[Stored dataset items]

........

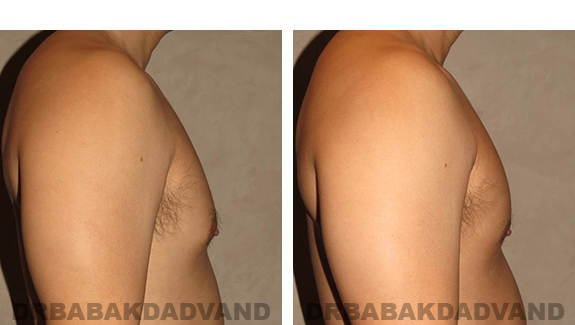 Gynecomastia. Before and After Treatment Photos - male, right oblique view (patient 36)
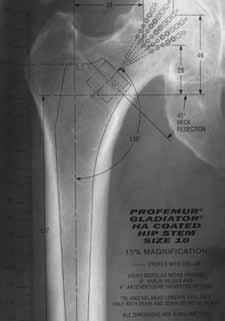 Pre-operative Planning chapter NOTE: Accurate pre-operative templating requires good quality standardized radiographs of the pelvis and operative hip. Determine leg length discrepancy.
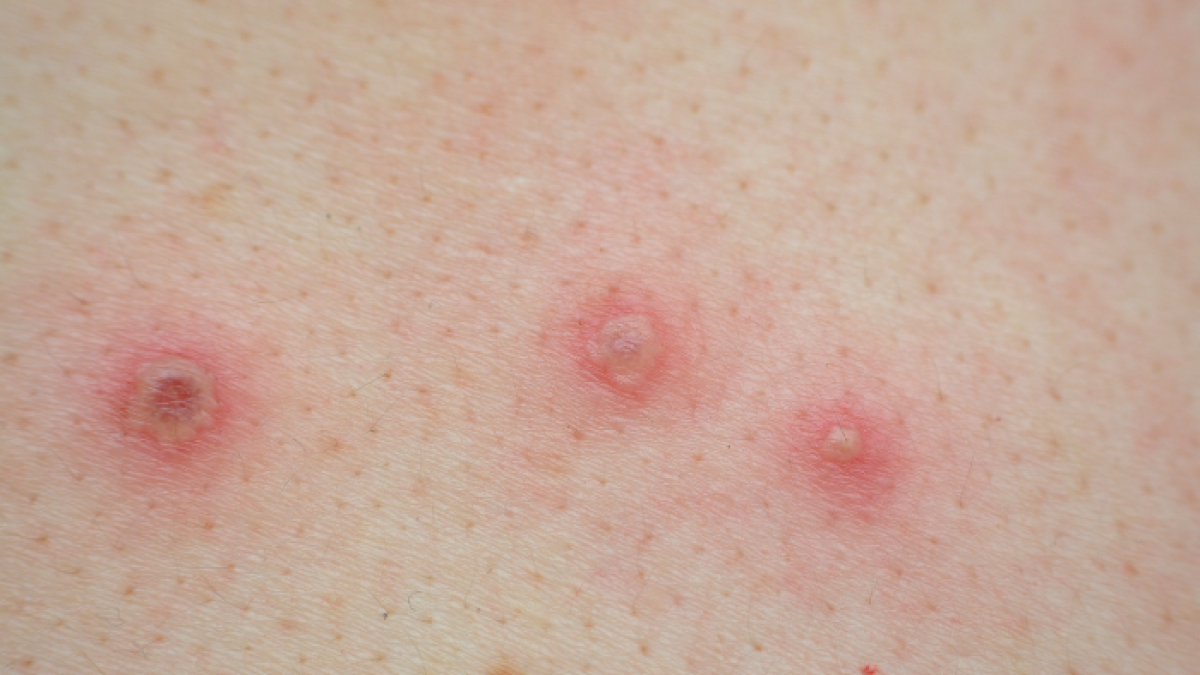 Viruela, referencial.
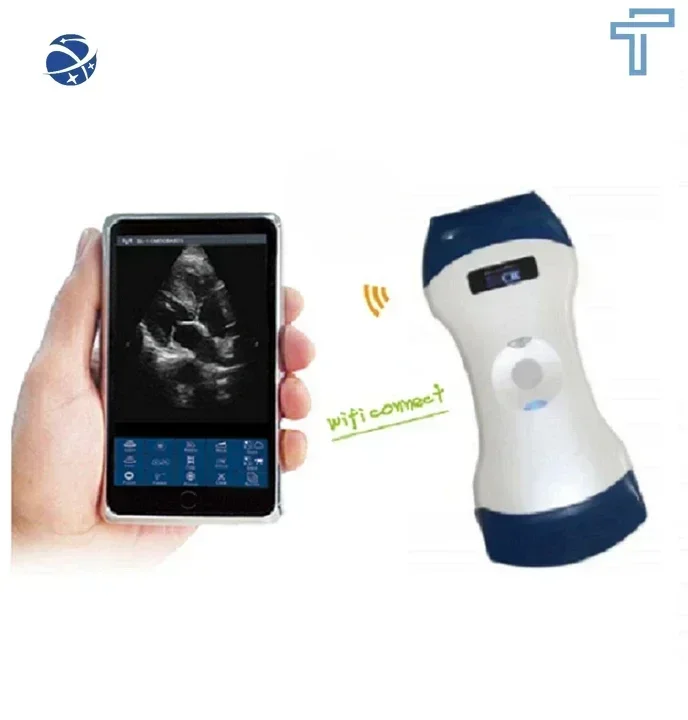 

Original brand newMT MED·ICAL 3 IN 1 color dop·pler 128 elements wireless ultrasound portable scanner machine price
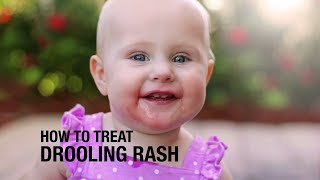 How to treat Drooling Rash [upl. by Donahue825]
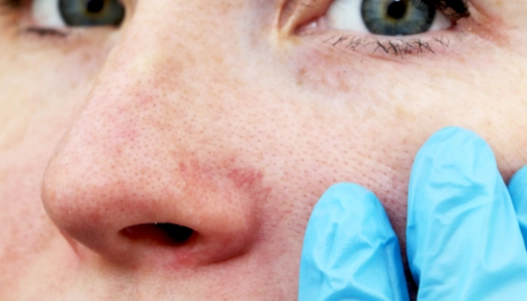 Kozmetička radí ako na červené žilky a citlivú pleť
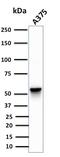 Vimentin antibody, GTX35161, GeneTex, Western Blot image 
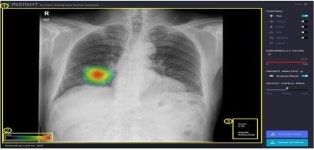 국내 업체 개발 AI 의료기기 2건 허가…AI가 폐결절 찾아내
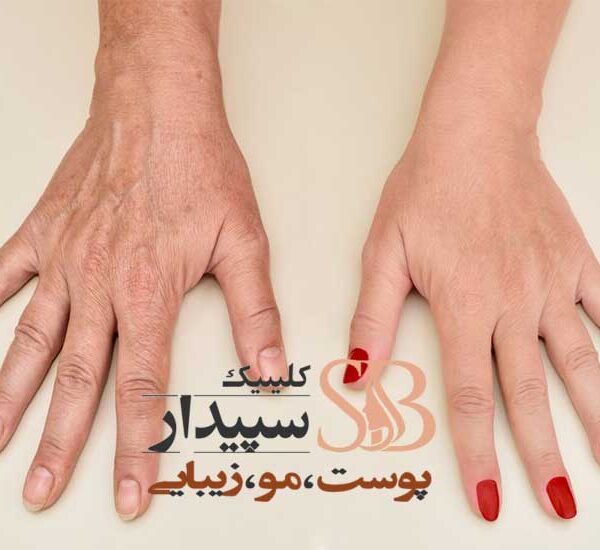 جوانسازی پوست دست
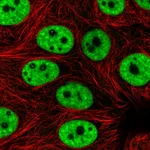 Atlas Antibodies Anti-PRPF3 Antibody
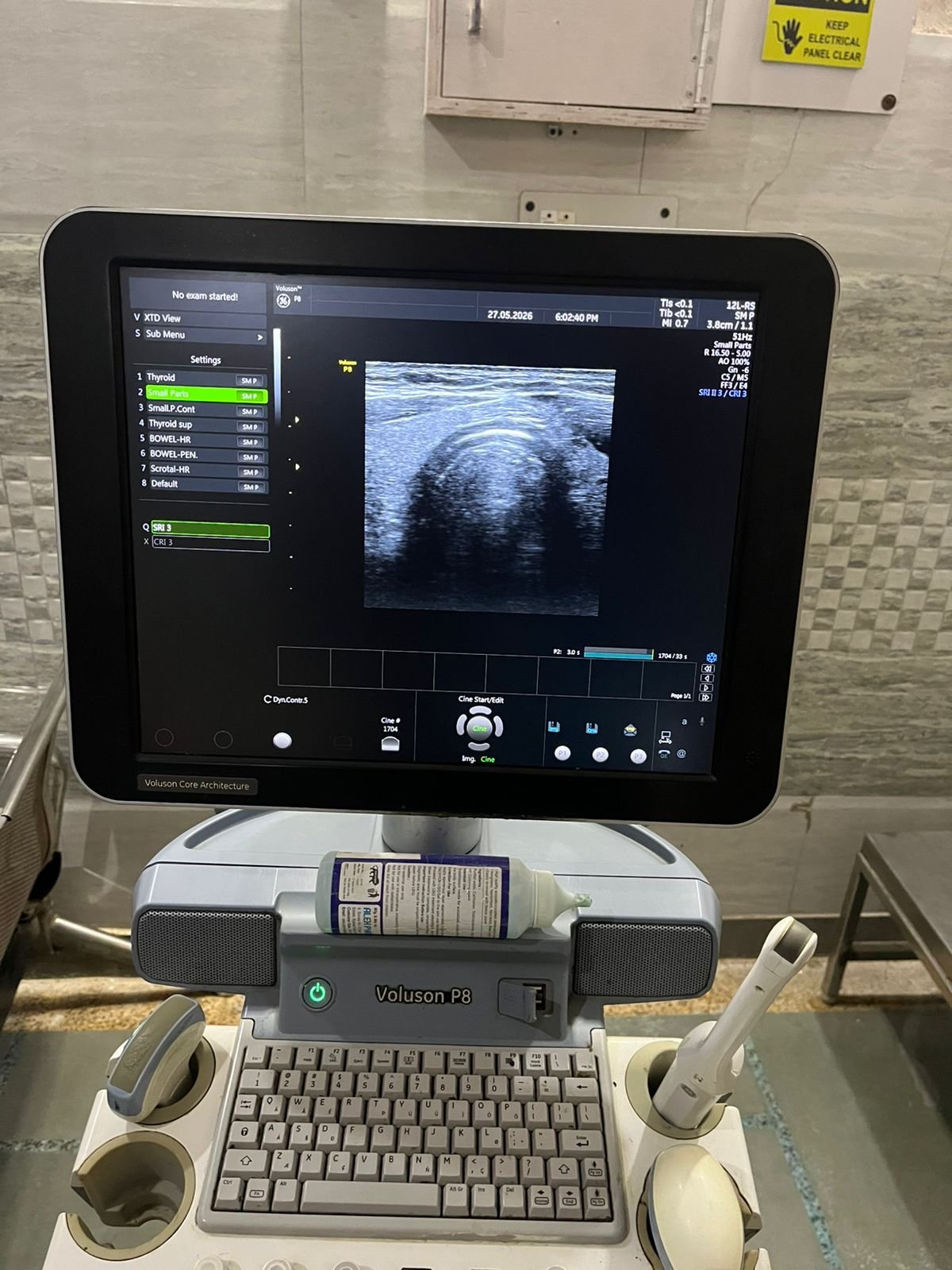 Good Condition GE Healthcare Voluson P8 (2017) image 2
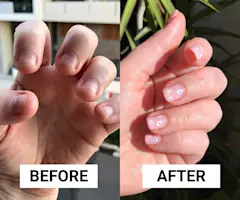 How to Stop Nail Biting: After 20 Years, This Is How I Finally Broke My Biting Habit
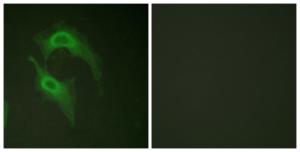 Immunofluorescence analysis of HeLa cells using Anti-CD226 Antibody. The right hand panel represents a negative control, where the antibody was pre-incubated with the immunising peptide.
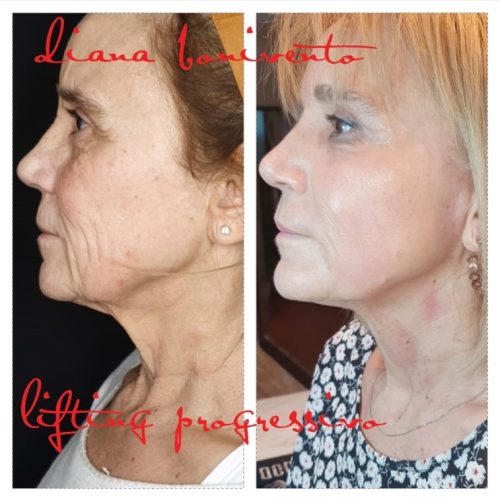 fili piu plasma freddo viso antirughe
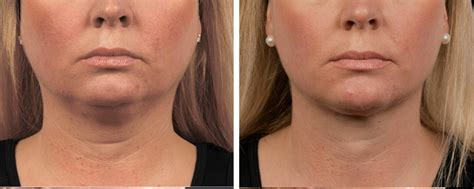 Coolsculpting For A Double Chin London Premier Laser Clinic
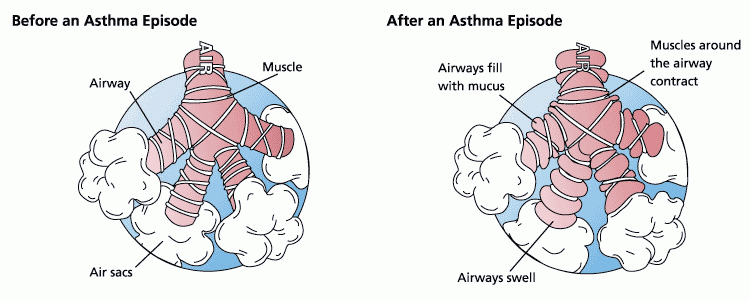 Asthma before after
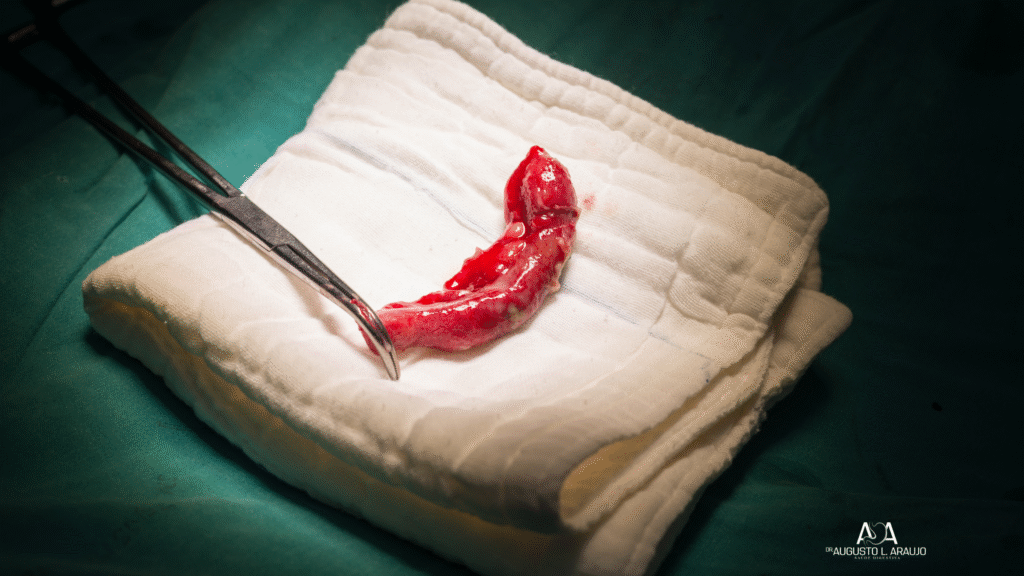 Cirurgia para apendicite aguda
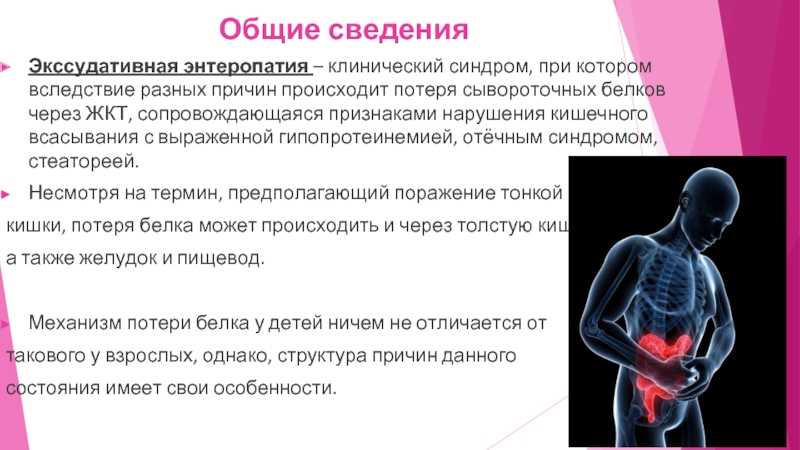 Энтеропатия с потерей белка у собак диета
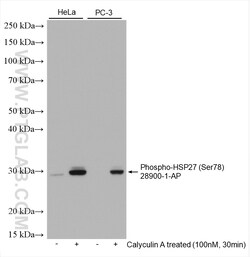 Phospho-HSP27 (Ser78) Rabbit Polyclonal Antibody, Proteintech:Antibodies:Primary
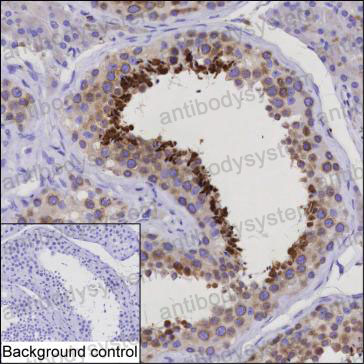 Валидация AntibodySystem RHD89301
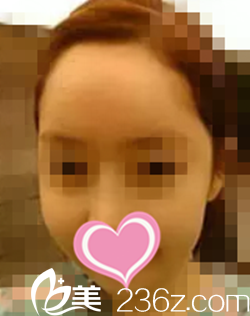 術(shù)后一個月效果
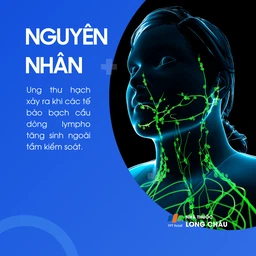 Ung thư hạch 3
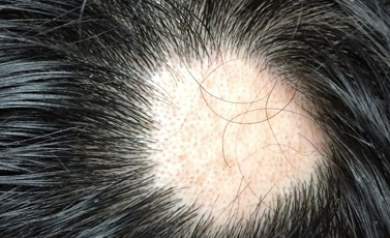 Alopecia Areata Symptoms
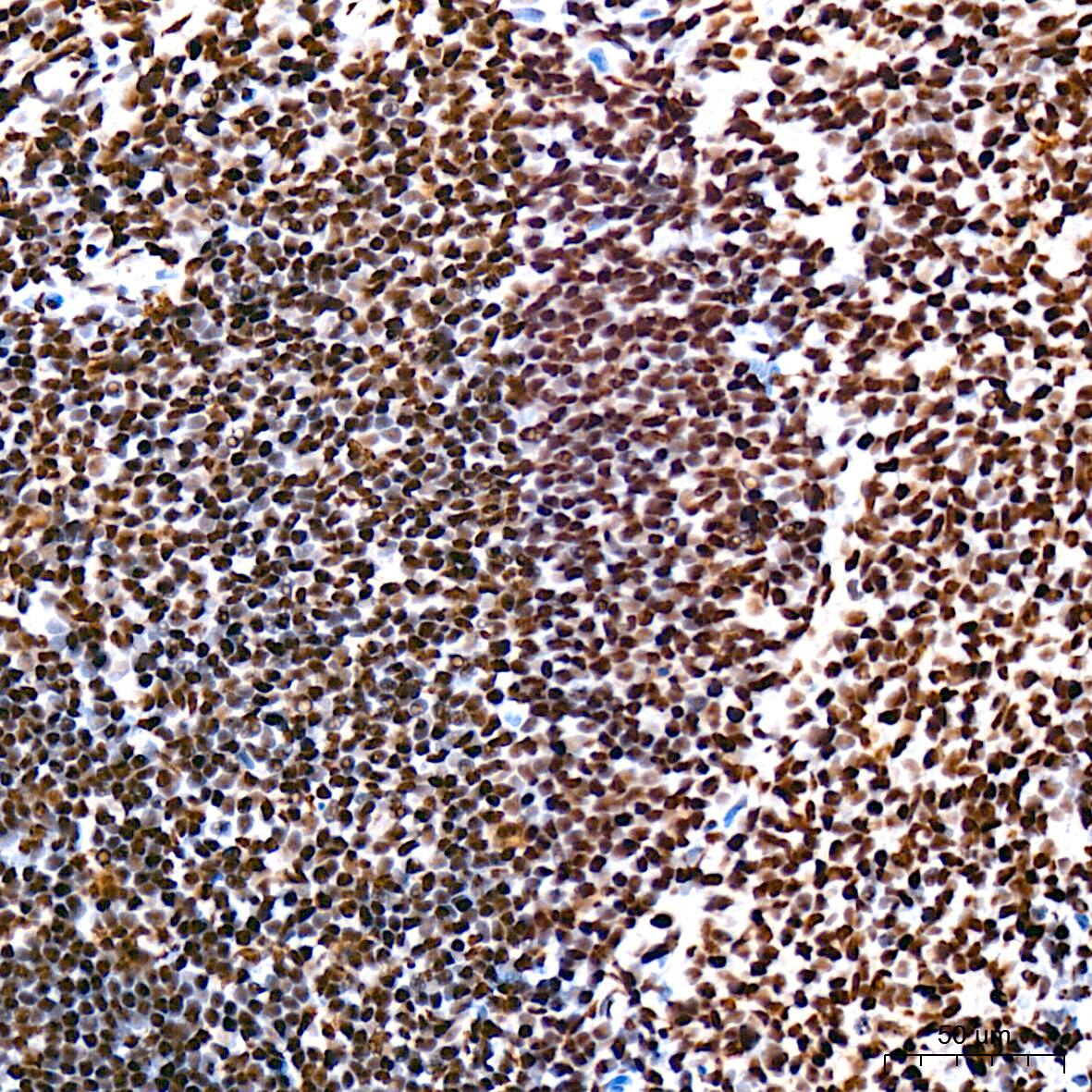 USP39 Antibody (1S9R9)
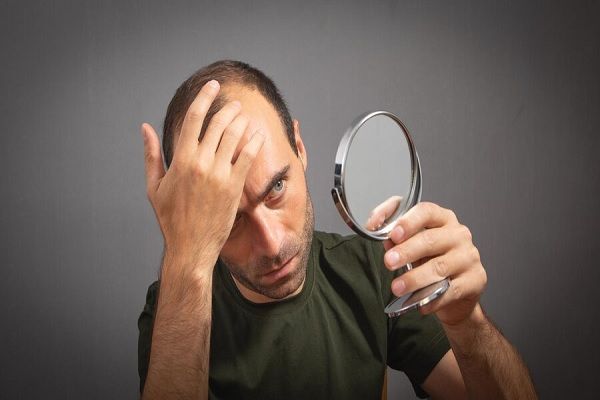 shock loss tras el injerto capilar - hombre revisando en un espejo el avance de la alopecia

........

**What you are asked to do**
Produce an exact copy of the lines from the line with "جوانسازی پوست دست" through the last line of the data above, both ends included. No pictures belong in it.

**Output for this exercise**
 جوانسازی پوست دست
 Atlas Antibodies Anti-PRPF3 Antibody
 Good Condition GE Healthcare Voluson P8 (2017) image 2
 How to Stop Nail Biting: After 20 Years, This Is How I Finally Broke My Biting Habit
 Immunofluorescence analysis of HeLa cells using Anti-CD226 Antibody. The right hand panel represents a negative control, where the antibody was pre-incubated with the immunising peptide.
 fili piu plasma freddo viso antirughe
 Coolsculpting For A Double Chin London Premier Laser Clinic
 Asthma before after
 Cirurgia para apendicite aguda
 Энтеропатия с потерей белка у собак диета
 Phospho-HSP27 (Ser78) Rabbit Polyclonal Antibody, Proteintech:Antibodies:Primary
 Валидация AntibodySystem RHD89301
 術(shù)后一個月效果
 Ung thư hạch 3
 Alopecia Areata Symptoms
 USP39 Antibody (1S9R9)
 shock loss tras el injerto capilar - hombre revisando en un espejo el avance de la alopecia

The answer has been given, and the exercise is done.